First you'd need to pass a skills assessment before applying for a visa (175 or 176). 

Also AU favours in demand skills and I don't know if truck driving is in demand. Do you have a more specialised skill like forklift operator or crane operator which is similar to driving?






Glasgowtrucker said:


> Hello iam looking for some advice if possiable.iam a 27 yearold with a partner a 2year old.id like to move to perth as a truck driver.iam wondering what the average wage would be enough to support us all.also how yous find austrsila for expats moving over ie setteling in.any advice would be great


----------



## Glasgowtrucker (Dec 15, 2010)

amaslam said:


> First you'd need to pass a skills assessment before applying for a visa (175 or 176).
> 
> Also AU favours in demand skills and I don't know if truck driving is in demand. Do you have a more specialised skill like forklift operator or crane operator which is similar to driving?

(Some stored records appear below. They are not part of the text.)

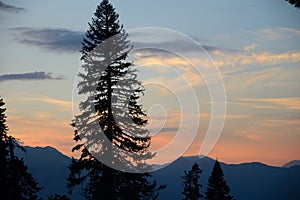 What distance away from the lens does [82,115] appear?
3133 centimetres

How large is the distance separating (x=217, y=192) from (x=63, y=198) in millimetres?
26446

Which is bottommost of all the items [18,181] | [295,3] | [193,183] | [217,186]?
[193,183]

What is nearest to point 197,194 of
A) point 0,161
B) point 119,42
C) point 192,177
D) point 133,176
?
point 192,177

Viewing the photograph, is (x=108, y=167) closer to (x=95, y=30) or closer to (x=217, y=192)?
(x=95, y=30)

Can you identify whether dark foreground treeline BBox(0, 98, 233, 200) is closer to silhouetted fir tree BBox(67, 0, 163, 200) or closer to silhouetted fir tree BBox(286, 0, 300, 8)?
silhouetted fir tree BBox(67, 0, 163, 200)

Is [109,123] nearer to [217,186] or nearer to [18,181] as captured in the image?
[18,181]

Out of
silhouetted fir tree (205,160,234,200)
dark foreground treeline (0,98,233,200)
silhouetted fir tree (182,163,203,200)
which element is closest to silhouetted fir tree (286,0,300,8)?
dark foreground treeline (0,98,233,200)

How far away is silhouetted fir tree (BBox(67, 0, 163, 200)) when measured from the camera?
31047 mm

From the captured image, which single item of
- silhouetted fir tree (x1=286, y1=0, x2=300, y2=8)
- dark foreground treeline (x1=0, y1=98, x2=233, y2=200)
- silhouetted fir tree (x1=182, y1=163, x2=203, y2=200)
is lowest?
silhouetted fir tree (x1=182, y1=163, x2=203, y2=200)

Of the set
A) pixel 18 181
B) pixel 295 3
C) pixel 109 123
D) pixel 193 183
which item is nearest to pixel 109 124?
pixel 109 123

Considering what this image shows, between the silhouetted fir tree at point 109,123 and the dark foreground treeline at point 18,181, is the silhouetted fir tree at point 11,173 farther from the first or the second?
the silhouetted fir tree at point 109,123

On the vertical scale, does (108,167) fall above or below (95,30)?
below

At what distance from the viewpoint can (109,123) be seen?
31125 mm

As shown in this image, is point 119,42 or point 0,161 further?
point 119,42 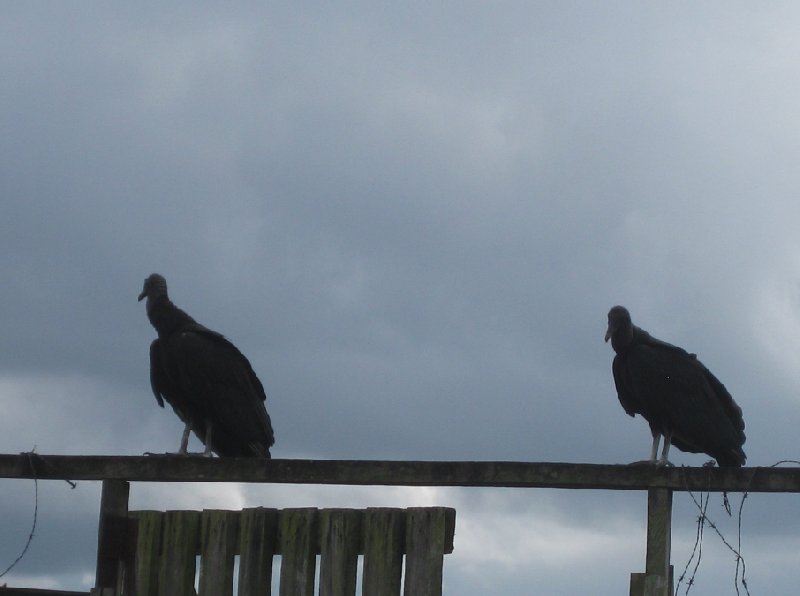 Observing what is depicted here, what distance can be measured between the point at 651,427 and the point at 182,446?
2.62 meters

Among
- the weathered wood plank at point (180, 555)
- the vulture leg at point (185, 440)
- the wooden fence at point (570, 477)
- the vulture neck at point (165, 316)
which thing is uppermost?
the vulture neck at point (165, 316)

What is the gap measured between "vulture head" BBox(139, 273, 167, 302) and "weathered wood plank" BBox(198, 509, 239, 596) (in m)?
2.89

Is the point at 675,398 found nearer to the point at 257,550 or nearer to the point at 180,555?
the point at 257,550

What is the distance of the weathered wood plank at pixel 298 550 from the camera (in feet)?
14.7

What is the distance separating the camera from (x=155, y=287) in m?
7.35

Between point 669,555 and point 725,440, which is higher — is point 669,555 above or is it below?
below

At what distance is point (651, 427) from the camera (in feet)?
22.3

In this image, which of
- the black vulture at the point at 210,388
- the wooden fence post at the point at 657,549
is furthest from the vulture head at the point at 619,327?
the wooden fence post at the point at 657,549

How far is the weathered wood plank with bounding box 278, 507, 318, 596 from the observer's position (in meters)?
4.49

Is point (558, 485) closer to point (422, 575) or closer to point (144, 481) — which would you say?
point (422, 575)

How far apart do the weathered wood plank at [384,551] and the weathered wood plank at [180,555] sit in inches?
28.1

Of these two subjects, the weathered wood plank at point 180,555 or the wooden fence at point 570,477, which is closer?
the wooden fence at point 570,477

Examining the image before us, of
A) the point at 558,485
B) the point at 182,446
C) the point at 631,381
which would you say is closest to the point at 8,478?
the point at 182,446

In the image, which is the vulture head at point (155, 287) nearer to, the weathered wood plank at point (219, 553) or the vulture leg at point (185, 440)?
the vulture leg at point (185, 440) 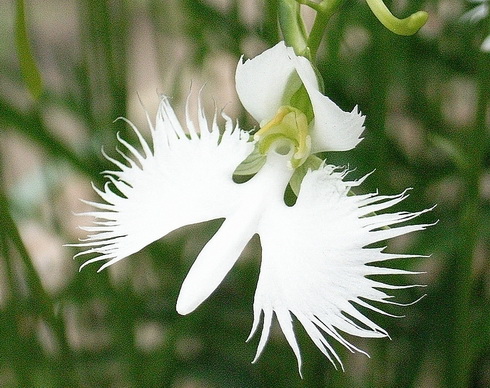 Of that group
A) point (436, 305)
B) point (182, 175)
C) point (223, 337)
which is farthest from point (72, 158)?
point (436, 305)

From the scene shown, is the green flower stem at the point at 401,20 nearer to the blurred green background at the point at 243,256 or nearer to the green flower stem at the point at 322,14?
the green flower stem at the point at 322,14

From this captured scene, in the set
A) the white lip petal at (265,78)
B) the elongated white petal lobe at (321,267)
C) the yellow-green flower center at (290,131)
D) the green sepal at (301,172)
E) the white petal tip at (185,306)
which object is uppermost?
the white lip petal at (265,78)

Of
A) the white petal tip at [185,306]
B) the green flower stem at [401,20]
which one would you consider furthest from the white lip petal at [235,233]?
the green flower stem at [401,20]

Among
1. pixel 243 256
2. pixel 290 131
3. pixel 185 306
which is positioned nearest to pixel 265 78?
pixel 290 131

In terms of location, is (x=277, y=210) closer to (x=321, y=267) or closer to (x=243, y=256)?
(x=321, y=267)

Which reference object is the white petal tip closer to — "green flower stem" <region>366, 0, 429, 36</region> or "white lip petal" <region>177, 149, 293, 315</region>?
"white lip petal" <region>177, 149, 293, 315</region>

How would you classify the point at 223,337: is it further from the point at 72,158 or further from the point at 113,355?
the point at 72,158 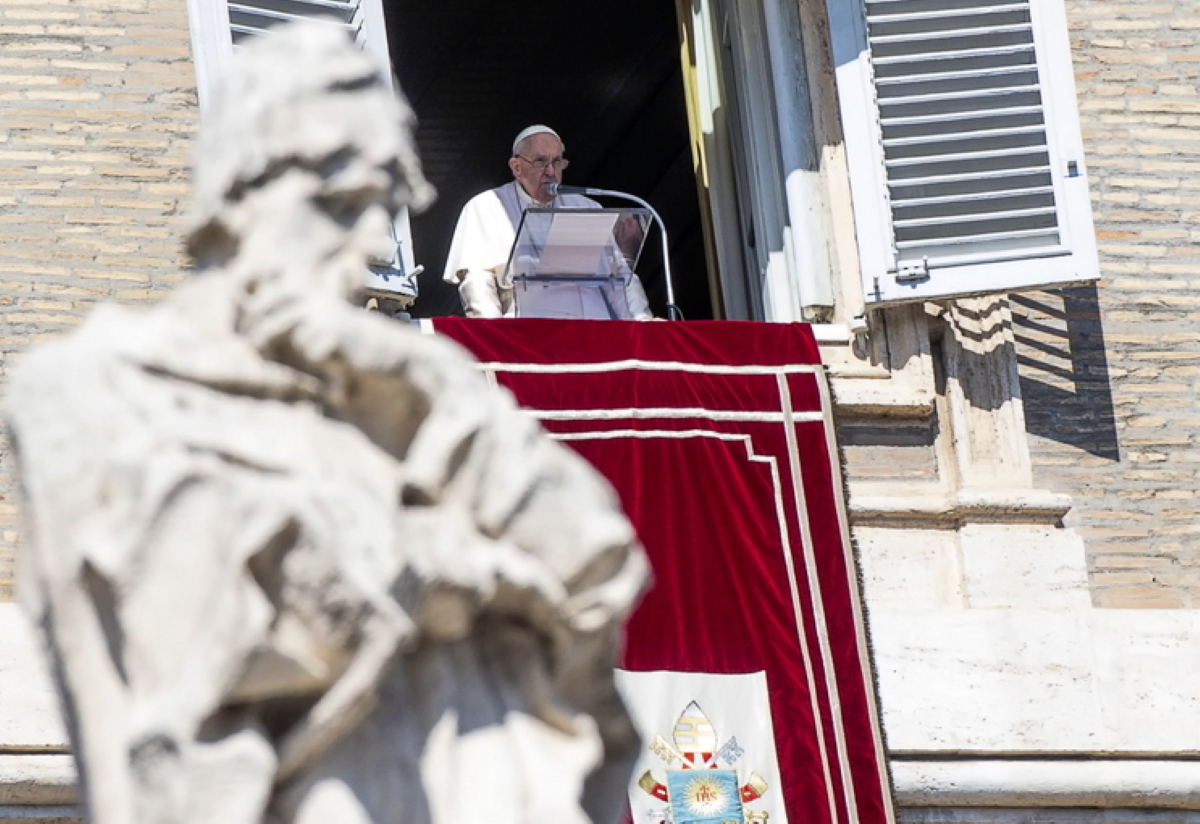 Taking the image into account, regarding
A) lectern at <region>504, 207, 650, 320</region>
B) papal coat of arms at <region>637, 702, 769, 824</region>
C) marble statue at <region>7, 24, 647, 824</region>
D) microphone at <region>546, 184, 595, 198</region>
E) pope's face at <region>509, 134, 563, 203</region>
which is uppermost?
pope's face at <region>509, 134, 563, 203</region>

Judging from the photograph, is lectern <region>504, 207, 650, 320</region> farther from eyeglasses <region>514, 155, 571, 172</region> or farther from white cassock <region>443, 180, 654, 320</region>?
eyeglasses <region>514, 155, 571, 172</region>

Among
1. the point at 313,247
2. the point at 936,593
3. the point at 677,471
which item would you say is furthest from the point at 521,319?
the point at 313,247

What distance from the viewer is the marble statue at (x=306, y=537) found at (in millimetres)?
4426

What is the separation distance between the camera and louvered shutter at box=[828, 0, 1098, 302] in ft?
35.6

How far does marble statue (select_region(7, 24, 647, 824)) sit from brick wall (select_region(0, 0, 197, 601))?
18.3 feet

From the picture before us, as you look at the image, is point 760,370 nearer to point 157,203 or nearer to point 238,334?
point 157,203

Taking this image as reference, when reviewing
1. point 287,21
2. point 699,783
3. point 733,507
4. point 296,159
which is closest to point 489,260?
point 287,21

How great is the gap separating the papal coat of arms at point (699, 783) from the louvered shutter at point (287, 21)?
1.37 metres

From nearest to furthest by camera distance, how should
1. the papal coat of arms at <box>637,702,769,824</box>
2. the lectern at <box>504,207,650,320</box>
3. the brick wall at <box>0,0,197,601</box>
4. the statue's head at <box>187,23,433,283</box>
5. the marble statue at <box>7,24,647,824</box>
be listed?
the marble statue at <box>7,24,647,824</box>, the statue's head at <box>187,23,433,283</box>, the papal coat of arms at <box>637,702,769,824</box>, the lectern at <box>504,207,650,320</box>, the brick wall at <box>0,0,197,601</box>

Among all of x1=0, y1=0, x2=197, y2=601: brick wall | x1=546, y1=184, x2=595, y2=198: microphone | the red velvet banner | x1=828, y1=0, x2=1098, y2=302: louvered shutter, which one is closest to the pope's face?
x1=546, y1=184, x2=595, y2=198: microphone

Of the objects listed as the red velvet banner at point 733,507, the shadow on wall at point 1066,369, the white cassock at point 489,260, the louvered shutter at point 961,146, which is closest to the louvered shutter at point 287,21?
the red velvet banner at point 733,507

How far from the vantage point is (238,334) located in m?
4.68

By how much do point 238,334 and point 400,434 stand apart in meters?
0.22

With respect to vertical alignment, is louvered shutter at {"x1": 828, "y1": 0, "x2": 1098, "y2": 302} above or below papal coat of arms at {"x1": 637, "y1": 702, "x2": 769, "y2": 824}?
above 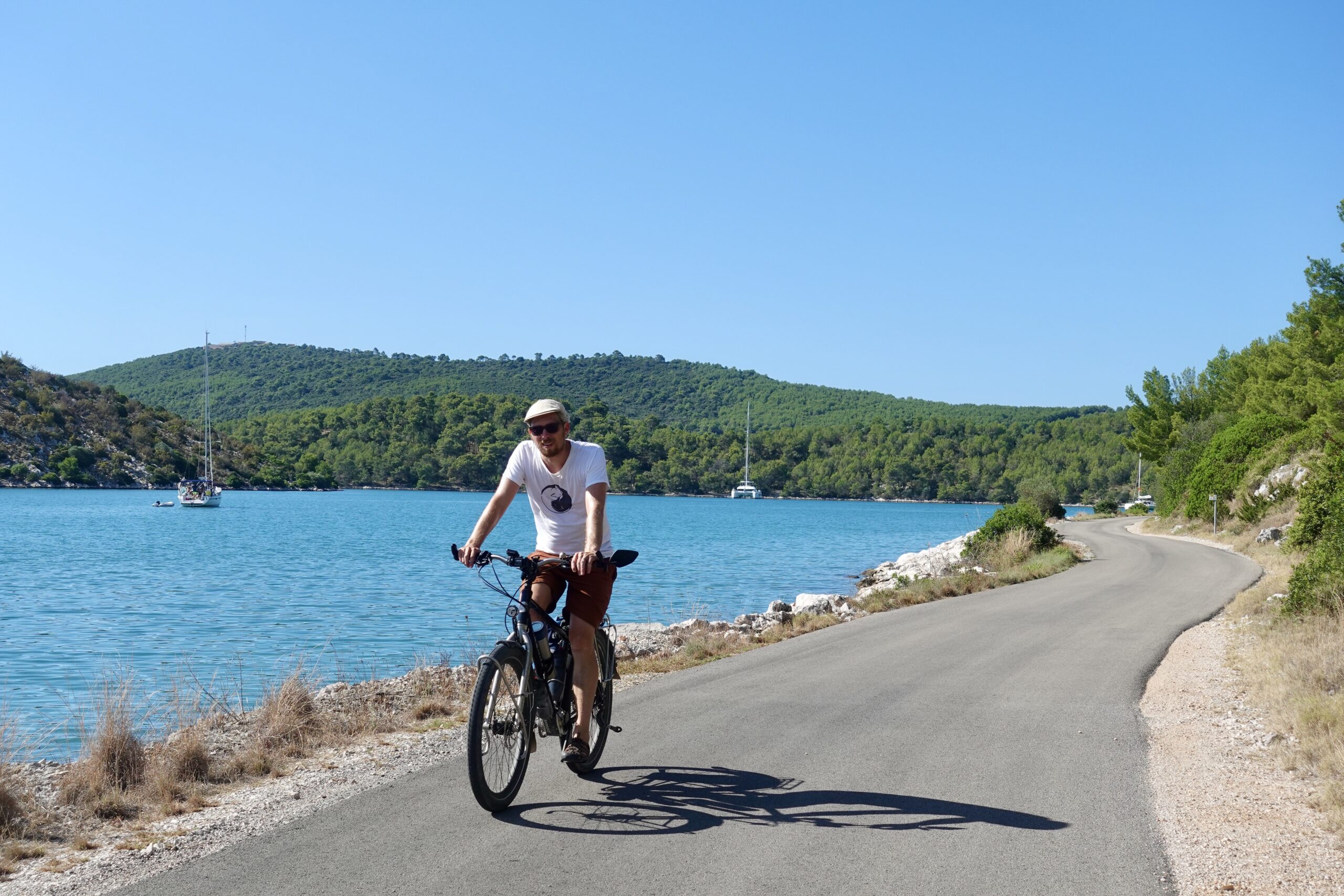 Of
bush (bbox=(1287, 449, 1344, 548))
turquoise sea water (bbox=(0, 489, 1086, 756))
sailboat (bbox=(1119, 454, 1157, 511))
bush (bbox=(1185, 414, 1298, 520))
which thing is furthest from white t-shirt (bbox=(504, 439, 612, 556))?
sailboat (bbox=(1119, 454, 1157, 511))

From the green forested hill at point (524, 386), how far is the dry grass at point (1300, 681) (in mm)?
128523

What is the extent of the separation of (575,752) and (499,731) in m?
0.63

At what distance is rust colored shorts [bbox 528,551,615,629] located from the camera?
6086 mm

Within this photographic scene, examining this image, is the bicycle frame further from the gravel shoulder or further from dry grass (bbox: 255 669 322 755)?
the gravel shoulder

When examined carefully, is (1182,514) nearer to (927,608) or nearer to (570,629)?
(927,608)

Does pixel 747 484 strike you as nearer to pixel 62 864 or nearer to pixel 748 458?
pixel 748 458

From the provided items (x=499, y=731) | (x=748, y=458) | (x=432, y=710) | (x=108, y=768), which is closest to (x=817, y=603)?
(x=432, y=710)

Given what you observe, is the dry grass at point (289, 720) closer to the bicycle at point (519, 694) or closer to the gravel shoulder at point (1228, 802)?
the bicycle at point (519, 694)

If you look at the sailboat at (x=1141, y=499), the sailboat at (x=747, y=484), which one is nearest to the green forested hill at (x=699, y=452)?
the sailboat at (x=747, y=484)

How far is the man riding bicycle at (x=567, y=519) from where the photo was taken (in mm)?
6039

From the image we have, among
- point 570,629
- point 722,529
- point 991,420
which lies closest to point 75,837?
point 570,629

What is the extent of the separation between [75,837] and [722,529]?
6933 cm

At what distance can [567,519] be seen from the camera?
20.3 feet

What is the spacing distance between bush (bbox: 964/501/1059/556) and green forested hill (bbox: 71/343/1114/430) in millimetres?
107206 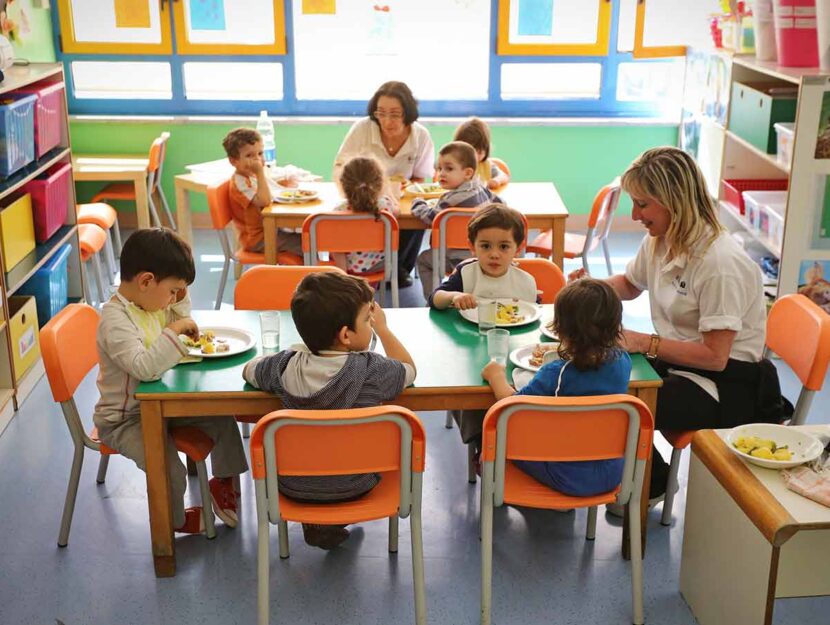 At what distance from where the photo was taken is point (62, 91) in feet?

hi thanks for the reply.iam a glazier to trade fixing panes of glass and installing upvc windows.i have a city and guilds for it.i would like to use my artic license c+e.also a bus license.


----------



## amaslam (Sep 25, 2008)

I think the best bet would be to assess as a glazier as that is an specialised skill I think. I would first find out which agency assesses that. Look at the skills lists at the Immi website and then contact the appropriate assessing agency (i.e. Vetassess).



Glasgowtrucker said:


> hi thanks for the reply.iam a glazier to trade fixing panes of glass and installing upvc windows.i have a city and guilds for it.i would like to use my artic license c+e.also a bus license.


----------



## Nignoy (Jun 4, 2010)

truck drivers in australia are 10 a penny, I had english and german artic and lowloader licences london bus licence as well, it is hard enough swapping the licences over , but the job situation for truckies is dismal as glazier you stand a better chance ,where we live in queensland lots of road trains 3 and 4 trailers upto 160foot long and no motorways, dual carriageways in the occasional country town but not much else, think it over , jl


----------